Computer Animation - Detailed Examples and Pseudocode

Detailed Examples and Pseudocode

In 2D computer animation, moving objects are often referred to as “sprites.” A sprite is an image that has a location associated with it. The location of the sprite is changed slightly, between each displayed frame, to make the sprite appear to move. The following pseudocode makes a sprite move from left to right:

var int x := 0, y := screenHeight / 2; while x < screenWidth drawBackground drawSpriteAtXY (x, y) // draw on top of the background x := x + 5 // move to the right

Computer animation uses different techniques to produce animations. Most frequently, sophisticated mathematics is used to manipulate complex three dimensional polygons, apply “textures”, lighting and other effects to the polygons and finally rendering the complete image. A sophisticated graphical user interface may be used to create the animation and arrange its choreography. Another technique called constructive solid geometry defines objects by conducting boolean operations on regular shapes, and has the advantage that animations may be accurately produced at any resolution.

Let's step through the rendering of a simple image of a room with flat wood walls with a grey pyramid in the center of the room. The pyramid will have a spotlight shining on it. Each wall, the floor and the ceiling is a simple polygon, in this case, a rectangle. Each corner of the rectangles is defined by three values referred to as X, Y and Z. X is how far left and right the point is. Y is how far up and down the point is, and Z is far in and out of the screen the point is. The wall nearest us would be defined by four points: (in the order x, y, z).
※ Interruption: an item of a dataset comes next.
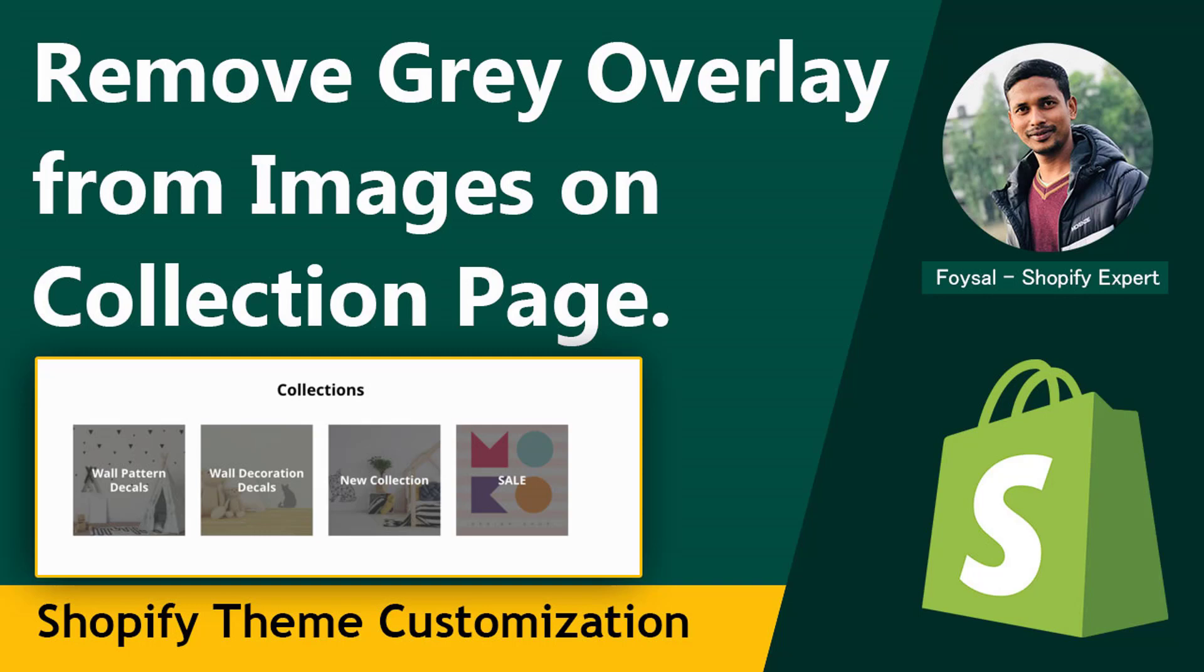Hey, welcome to my YouTube channel. In this tutorial, I'm going to show you how to remove gray overlay from the image on the collection list page. If you're looking for Shopify easy video guidelines, then you can continue this tutorial. So let's get started.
Below is a representation of how the wall is defined

(0, 10, 0) (10, 10, 0) (0,0,0) (10, 0, 0)

The far wall would be:

(0, 10, 20) (10, 10, 20) (0, 0, 20) (10, 0, 20)

The pyramid is made up of five polygons: the rectangular base, and four triangular sides. To draw this image the computer uses math to calculate how to project this image, defined by three dimensional data, onto a two dimensional computer screen.

First we must also define where our view point is, that is, from what vantage point will the scene be drawn. Our view point is inside the room a bit above the floor, directly in front of the pyramid. First the computer will calculate which polygons are visible. The near wall will not be displayed at all, as it is behind our view point. The far side of the pyramid will also not be drawn as it is hidden by the front of the pyramid.

Next each point is perspective projected onto the screen. The portions of the walls ‘furthest’ from the view point will appear to be shorter than the nearer areas due to perspective. To make the walls look like wood, a wood pattern, called a texture, will be drawn on them. To accomplish this, a technique called “texture mapping” is often used. A small drawing of wood that can be repeatedly drawn in a matching tiled pattern (like desktop wallpaper) is stretched and drawn onto the walls' final shape. The pyramid is solid grey so its surfaces can just be rendered as grey. But we also have a spotlight. Where its light falls we lighten colors, where objects blocks the light we darken colors.

Next we render the complete scene on the computer screen. If the numbers describing the position of the pyramid were changed and this process repeated, the pyramid would appear to move.